Im westfälischen Werl versteht ein muslimischer Schützenkönig die Welt nicht mehr. Der 33-jährige türkischstämmige Mithat Gedik ist in Deutschland geboren und aufgewachsen. Er hatte katholische Religion als Abiturfach und ist erfolgreich als Kaufmann. In Werl-Sönnern lebt er mit seiner katholischen Frau Melanie und vier getauften Kindern. Und er ist in der freiwilligen Feuerwehr und im Schützenverein aktiv.

Am 18. Juli schoss er den Vogel ab und war fortan König der Schützenbruderschaft St. Georg Sönnern-Pröbsting. Diese katholische Bruderschaft ist allerdings Mitglied im Bund der Historischen Deutschen Schützenbruderschaften (BHDS) - Leitwort: "Für Glaube - Sitte - Heimat". Und die verweist auf die Satzung, wonach nur Christen Mitglied sein können.

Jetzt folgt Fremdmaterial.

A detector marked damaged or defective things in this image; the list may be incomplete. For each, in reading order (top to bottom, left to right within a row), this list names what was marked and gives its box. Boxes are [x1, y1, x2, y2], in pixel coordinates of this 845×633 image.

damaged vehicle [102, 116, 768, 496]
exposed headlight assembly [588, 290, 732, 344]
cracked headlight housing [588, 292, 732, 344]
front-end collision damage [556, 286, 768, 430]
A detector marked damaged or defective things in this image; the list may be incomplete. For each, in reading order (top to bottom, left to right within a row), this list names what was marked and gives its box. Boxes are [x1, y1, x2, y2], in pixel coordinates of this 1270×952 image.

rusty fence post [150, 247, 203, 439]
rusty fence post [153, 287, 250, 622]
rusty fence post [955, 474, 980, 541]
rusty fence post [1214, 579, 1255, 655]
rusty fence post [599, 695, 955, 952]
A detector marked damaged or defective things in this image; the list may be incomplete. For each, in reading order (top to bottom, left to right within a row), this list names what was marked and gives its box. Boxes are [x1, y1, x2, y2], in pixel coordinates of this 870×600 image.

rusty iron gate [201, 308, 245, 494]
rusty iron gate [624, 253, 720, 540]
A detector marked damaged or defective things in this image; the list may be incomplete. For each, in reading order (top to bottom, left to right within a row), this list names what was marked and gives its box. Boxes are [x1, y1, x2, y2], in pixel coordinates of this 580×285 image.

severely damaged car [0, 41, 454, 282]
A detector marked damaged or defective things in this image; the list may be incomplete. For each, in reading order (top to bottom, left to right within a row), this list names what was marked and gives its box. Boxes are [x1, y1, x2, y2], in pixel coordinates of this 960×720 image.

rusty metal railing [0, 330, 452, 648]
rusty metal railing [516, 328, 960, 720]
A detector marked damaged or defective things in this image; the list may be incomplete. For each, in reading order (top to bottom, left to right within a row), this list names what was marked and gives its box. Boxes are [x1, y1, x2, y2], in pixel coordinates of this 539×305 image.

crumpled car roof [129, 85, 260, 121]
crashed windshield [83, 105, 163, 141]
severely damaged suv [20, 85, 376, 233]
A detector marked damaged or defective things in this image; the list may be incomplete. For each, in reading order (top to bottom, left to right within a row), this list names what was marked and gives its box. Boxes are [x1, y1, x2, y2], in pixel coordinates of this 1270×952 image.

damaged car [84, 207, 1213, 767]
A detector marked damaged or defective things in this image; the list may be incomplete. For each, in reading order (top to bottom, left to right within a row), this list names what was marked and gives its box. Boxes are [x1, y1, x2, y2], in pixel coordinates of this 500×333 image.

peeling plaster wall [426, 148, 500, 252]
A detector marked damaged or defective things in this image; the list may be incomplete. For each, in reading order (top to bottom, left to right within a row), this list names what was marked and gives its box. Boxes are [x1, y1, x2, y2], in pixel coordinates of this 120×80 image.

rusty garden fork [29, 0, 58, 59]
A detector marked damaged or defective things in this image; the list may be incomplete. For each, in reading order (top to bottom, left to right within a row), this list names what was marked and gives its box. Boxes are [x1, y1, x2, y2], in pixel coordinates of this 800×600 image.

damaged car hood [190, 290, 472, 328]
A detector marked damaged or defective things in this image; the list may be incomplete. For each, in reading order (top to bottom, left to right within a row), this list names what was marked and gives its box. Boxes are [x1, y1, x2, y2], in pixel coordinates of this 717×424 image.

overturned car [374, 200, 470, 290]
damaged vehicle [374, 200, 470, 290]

Schon vor sieben Jahren war Emin Özel ("Emin, der Ideenreiche") in Paderborn einer der ersten muslimischen Schützenkönige in Deutschland. Der Paderborner Bürger-Schützenverein von 1831 war kurz zuvor nach jahrelangen Querelen aus dem BHDS ausgetreten, sagt Özel.
"Das heißt, ich war ein ganz regulärer Schützenkönig." Die Reaktionen seien durchweg positiv gewesen. "In dem Jahr als Schützenkönig habe ich 280 Termine wahrgenommen, auch im Hohen Dom." Er sei akzeptiert worden. "Statt Bier gab es für mich eben Cola, Fisch statt Schlachtplatte."

Schützenvereine sind nicht homophob

2011 war dann Dirk Winter Schützenkönig in Münster-Kinderhaus und auch dieser Verein war im BHDS. Winter hatte seinen Partner Oliver zur Schützenkönigin ernannt. Damals ging es dann eher um protokollarische Fragen, etwa ob das Paar gemeinsam beim Umzug mitmarschieren dürfe. Der BHDS hatte dann durchgesetzt, dass die Königin eine Reihe hinter dem König gehen müsse. Als eine Reaktion darauf gründete sich 2012 der wohl erste schwul- lesbische Schützenverein Deutschlands. Die "St. Sebastianus und Afra Schützenbruderschaft Köln 2012" betonte damals ausdrücklich, die Schützenwelt sei bei weitem nicht so homophob, wie der Beschluss des BHDS vermuten lasse.

Nordrhein-Westfalen gilt als eine der Hochburgen des Schützenwesens. Diese Tradition zu bewahren, damit tat sich auch die rot-grüne Landesregierung schwer. Einen Antrag zur Anerkennung des Schützenwesens als immaterielles Weltkulturerbe reichte die Regierung an eine Jury weiter, die dann eine "kleine Lösung" fand.

Neben anderen Traditionen wie dem rheinischen Karneval wurde das Schützenwesen zum "Landesinventar für das immaterielle Kulturerbe" von NRW erklärt. Außer dem Hinweis auf die lange Geschichte und die soziale Bedeutung gab es den dezenten Hinweis an die Schützenbruderschaften: "Die Jury versteht ihre Empfehlung als Ermutigung für die Schützen, auf dem Weg der gleichberechtigten Einbeziehung von Frauen und von gesellschaftlichen Minderheiten in ihre Gemeinschaften weiter voranzuschreiten."

Am Dienstag schaltete sich auch die Antidiskriminierungsstelle des Bundes (ADS) in den Streit um den Werler Schützenkönig ein. In einem Brief an den BHDS verweist die ADS-Leiterin Christine Lüders auf den Vereinszweck, den die Schützen in Werl selbst formuliert haben, nämlich: "Ausgleich sozialer und konfessioneller Spannungen im Geiste echter Brüderlichkeit". Diese Steilvorlage nutzt Lüders und fragt: "Was könnte besser dem Vereinszweck dienen als ein muslimischer Schützenkönig?"